** INFORMATION SUPPLIED **
────────────────

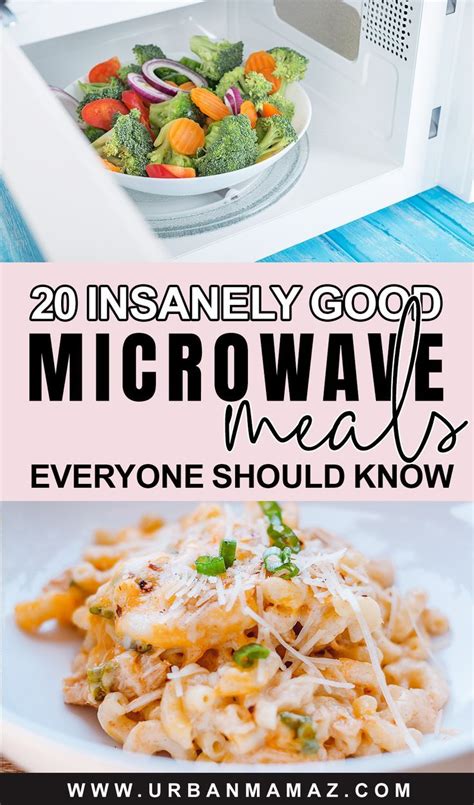 Meals Microwave Style Menus and Recipes Reader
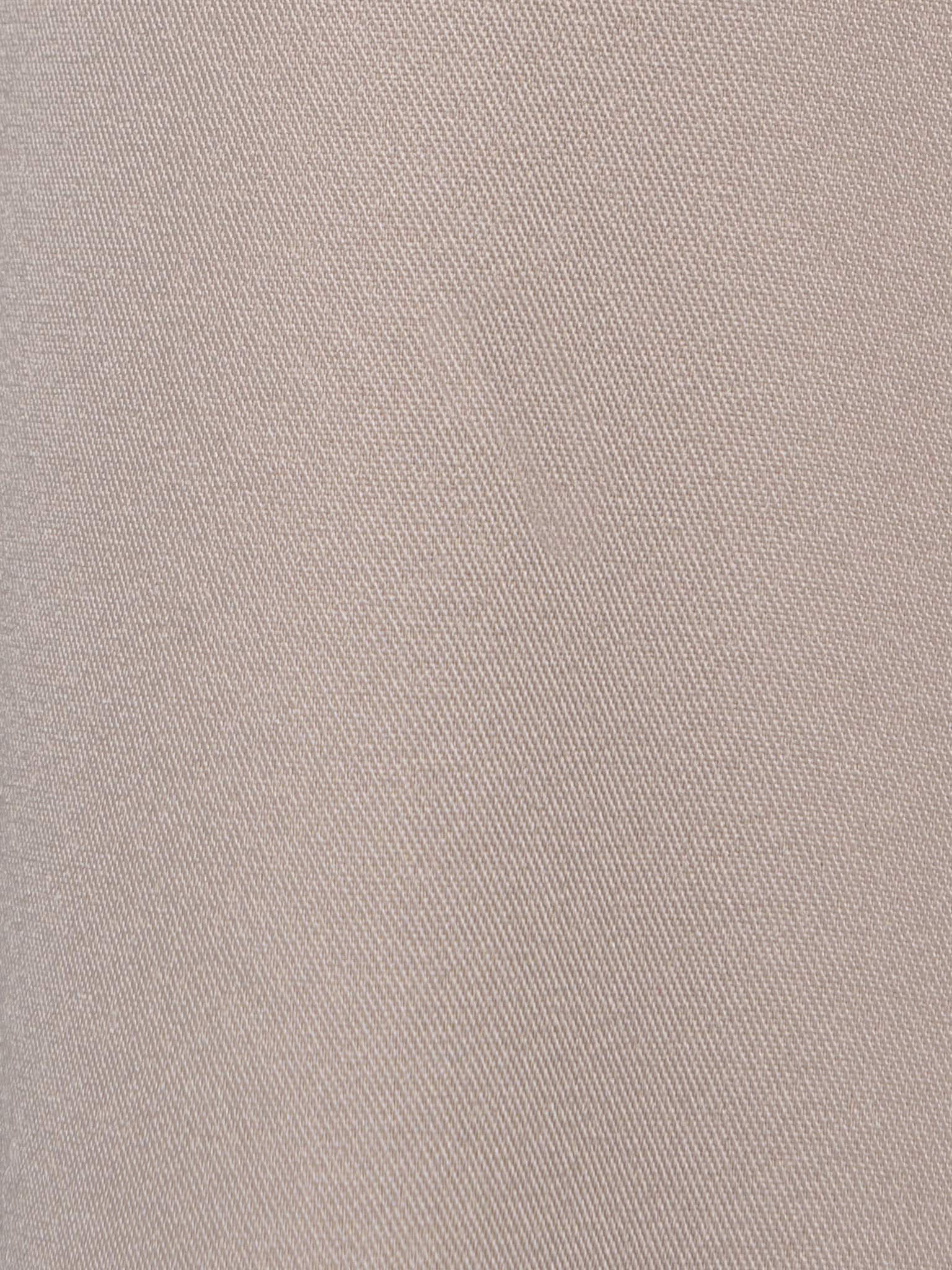 Asymmetrisch taillierte Hose mit weitem Bein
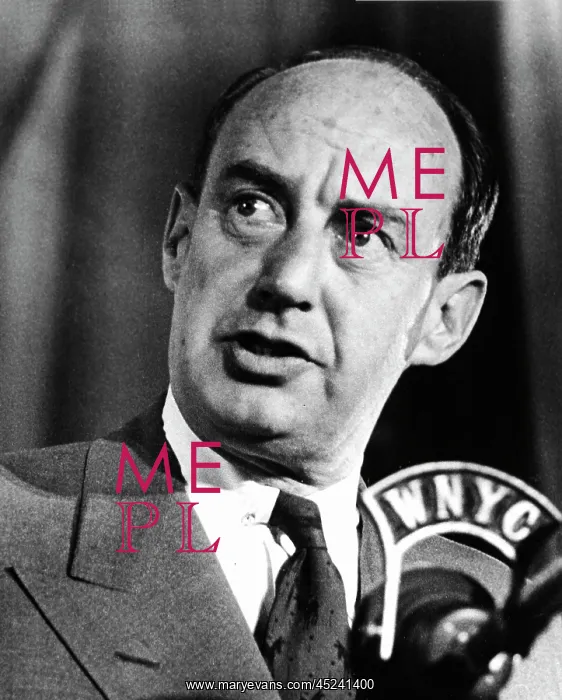 : Adlai Stevenson : Adlai Stevenson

────────────────

Go back to the line that contains "Asymmetrisch taillierte Hose mit weitem Bein" and copy it, along with each line after it through the end of the listing above, exactly and without pictures.

 Asymmetrisch taillierte Hose mit weitem Bein
 : Adlai Stevenson : Adlai Stevenson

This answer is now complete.